Mit WNAE zur teilautomatisierten Angebots- und Auftragserfassung

Wer im Privaten eine Online-Bestellung aufgibt, erwartet schnelle und zuverlässige Prozesse – bei der Bestell- und Lieferbestätigung bis hin zur Auslieferung des gewünschten Artikels. Genauso verhält es sich in unserem Geschäftsumfeld. Die Erwartungen unserer Kunden sind an zuverlässige Lieferzeiten und höchste Termintreue geknüpft. Um diesen gerecht zu werden, haben wir als Unternehmen den Anspruch, dass die damit verbundenen Prozesse so reibungslos wie möglich ablaufen – im besten Fall sogar automatisiert. Mit der sogenannten werksneutralen Auftragserfassung (WNAE) hat thyssenkrupp Schulte ein System entwickelt, dass die teilautomatisierte Auftragserfassung nun möglich macht. Künftig könnten damit schätzungsweise 80 % des Auftragsvolumens im Standardhandel abgewickelt werden.

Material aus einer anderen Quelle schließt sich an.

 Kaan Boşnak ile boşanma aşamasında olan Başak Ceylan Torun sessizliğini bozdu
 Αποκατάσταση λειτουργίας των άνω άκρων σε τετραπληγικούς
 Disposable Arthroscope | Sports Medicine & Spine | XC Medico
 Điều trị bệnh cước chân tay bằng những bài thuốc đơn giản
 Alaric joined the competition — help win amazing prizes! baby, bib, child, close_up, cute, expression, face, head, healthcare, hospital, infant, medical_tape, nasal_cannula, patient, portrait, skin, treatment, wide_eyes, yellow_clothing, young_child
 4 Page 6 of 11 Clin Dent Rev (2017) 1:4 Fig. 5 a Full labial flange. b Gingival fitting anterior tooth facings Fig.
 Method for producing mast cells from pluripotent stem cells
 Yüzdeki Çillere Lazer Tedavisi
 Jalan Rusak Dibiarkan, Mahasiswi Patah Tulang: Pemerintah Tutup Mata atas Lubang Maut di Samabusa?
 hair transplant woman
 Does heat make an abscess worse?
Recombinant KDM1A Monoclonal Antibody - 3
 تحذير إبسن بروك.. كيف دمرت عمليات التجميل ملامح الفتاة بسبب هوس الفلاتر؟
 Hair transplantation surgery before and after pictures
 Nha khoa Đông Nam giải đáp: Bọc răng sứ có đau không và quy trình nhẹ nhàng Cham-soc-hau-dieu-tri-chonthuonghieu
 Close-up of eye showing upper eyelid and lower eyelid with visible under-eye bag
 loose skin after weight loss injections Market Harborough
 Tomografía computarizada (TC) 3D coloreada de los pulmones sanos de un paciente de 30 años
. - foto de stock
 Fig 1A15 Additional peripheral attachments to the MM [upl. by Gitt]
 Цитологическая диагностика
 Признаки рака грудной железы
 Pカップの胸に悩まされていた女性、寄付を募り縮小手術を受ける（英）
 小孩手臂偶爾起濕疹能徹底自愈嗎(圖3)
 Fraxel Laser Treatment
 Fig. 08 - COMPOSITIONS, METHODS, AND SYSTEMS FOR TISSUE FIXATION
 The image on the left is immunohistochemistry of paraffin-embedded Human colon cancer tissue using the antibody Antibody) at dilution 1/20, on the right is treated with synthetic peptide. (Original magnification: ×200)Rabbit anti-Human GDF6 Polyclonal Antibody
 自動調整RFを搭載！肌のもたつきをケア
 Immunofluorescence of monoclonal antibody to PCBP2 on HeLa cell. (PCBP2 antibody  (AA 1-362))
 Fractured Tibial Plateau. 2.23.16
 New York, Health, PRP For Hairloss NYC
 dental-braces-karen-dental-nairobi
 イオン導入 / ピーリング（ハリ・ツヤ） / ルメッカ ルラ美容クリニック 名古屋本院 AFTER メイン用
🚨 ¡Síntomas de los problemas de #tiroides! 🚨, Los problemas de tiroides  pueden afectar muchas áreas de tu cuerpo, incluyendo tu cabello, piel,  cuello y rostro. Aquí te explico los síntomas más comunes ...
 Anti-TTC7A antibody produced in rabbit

Systemische Logik vereinfacht und vereinheitlicht Abwicklung

Wie das funktioniert? Mit der WNAE wird auf eine im System hinterlegte Logik zurückgegriffen, die alle Faktoren berücksichtigt, die für die Angebots- und Auftragserstellung wesentlich sind. Auf der Basis von Bestandsprüfungen, der Werkauswahl für das angefragte Material, des Routenvorschlags bis hin zu Anliefertagen oder Kapazitäten wird dann automatisiert ein Auftrag erstellt.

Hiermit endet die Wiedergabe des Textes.